So… it’s “Workout Wednesday” all around the internet… or at least that’s what the popular Twitter hashtag would have us believe. All of YOU know that we don’t just work out on Wednesday, but hey… its a good enough day as any to talk about it. And we certainly have a lot of fun things to talk about today!
First of all, if you haven’t already checked out the new RKC Blog Post today from Senior RKC Steve “Coach Fury” Holiner (who is actually a really mellow dude… despite that nickname) then go do that right now by clicking here. He’s also included a neat video. Not content to do things as they are written, I took what he had there and made it into a special workout for my small group, who like every collection of human beings (myself included) could always stand to work on and practice the kettlebell snatch. Steve uses a couple of nerdy metaphors, one of which is from the 1984 classic movie The Karate Kid. Yes, I did jokingly say “Very good, Daniel-san!” to someone in class. And yes they did laugh. Fortunately I made sure to say this when they were NOT holding a kettlebell. Safely first, people, safety first.

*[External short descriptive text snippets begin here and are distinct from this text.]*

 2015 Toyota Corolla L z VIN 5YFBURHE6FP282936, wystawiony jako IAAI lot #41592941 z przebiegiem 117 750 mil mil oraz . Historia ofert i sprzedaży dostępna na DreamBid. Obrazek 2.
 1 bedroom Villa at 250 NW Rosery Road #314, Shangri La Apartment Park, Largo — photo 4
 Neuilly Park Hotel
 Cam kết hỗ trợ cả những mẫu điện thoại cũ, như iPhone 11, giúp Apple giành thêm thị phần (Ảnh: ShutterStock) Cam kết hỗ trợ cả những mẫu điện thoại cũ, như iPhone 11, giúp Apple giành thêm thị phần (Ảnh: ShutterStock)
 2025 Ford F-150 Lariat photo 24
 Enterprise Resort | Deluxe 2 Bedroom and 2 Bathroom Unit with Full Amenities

SO! Now that you are back from reading Steve’s blog and watching his video, this next part should make perfect sense to you! Here’s the version we did to really drill down with our technique while getting a great workout at the same time:
We warmed up with some joint mobility then got right into a warm up circuit to get us into the right mental state for Steve’s plan…
Timed Circuit, 8 rounds of 20 seconds work, 10 seconds rest… remember “where you are” in the sequence so you can keep going after the rest time is over (use a moderate kettlebell, I used one size up from what I’d be required to use for an RKC snatch test, so for me that means 16kg):
- 1 kettlebell front squat
- 1 one-arm kettlebell swing
- 1 kettlebell high pull (the kind you do as a lead up drill to the snatch.. not that weird grab from the ground thing…)
- switch arms, repeat until the 10 seconds rest, remember to start back where you left off in the sequence.
After that I explained Steve’s cool “paint the fence” drill and we practiced that a little while enjoying some water, taking a break. Then everyone selected a “reasonably heavy” kettlebell (for small, highly trained women this means something like 24kg+, but whatever is comfortable, but also heavy enough to really make you work on low reps!) and a kettlebell that was either appropriate for their level, or the one they’d use in a kettlebell snatch test situation. Here’s more about dead swings, aka “dead stop swings” in case you need a refresher! We did two rounds of Steve’s circuit, adding the “paint the fence” drill in at the end:
- Heavy kettlebell two hand dead stop swings: 5 reps
- Kettlebell snatches (with the lighter kettlebell!) 5 each side
- Heavy kettlebell two hand dead stop swings: 3 reps
- Kettlebell snatches 8 each side
- Heavy kettlebell two hand dead stop swing: 1 rep
- Kettlebell snatches 10 each side
- Steve’s “Paint the Fence” drill (no weight) and rest as needed
Next we did a “fun” variation of the plank row using ONE kettlebell (this gave the added challenge of an uneven push up!) Push up position, but with one hand on the snatch test size kettlebell, do a push up, then (with feet spaced wide if you need to) do a row with that same kettlebell. That’s one rep for that side.
We did a descending ladder:
5 on the right, 5 on the left
4 on the right, 4 on the left
…all the way down to…
1 on the right, 1 on the left
We ended with some heavy kettlebell carries, rack position right, then rack position left, then one hand at a time farmers walks.
Joint mobility cool down and we all rushed off for showers and dinner!!!!!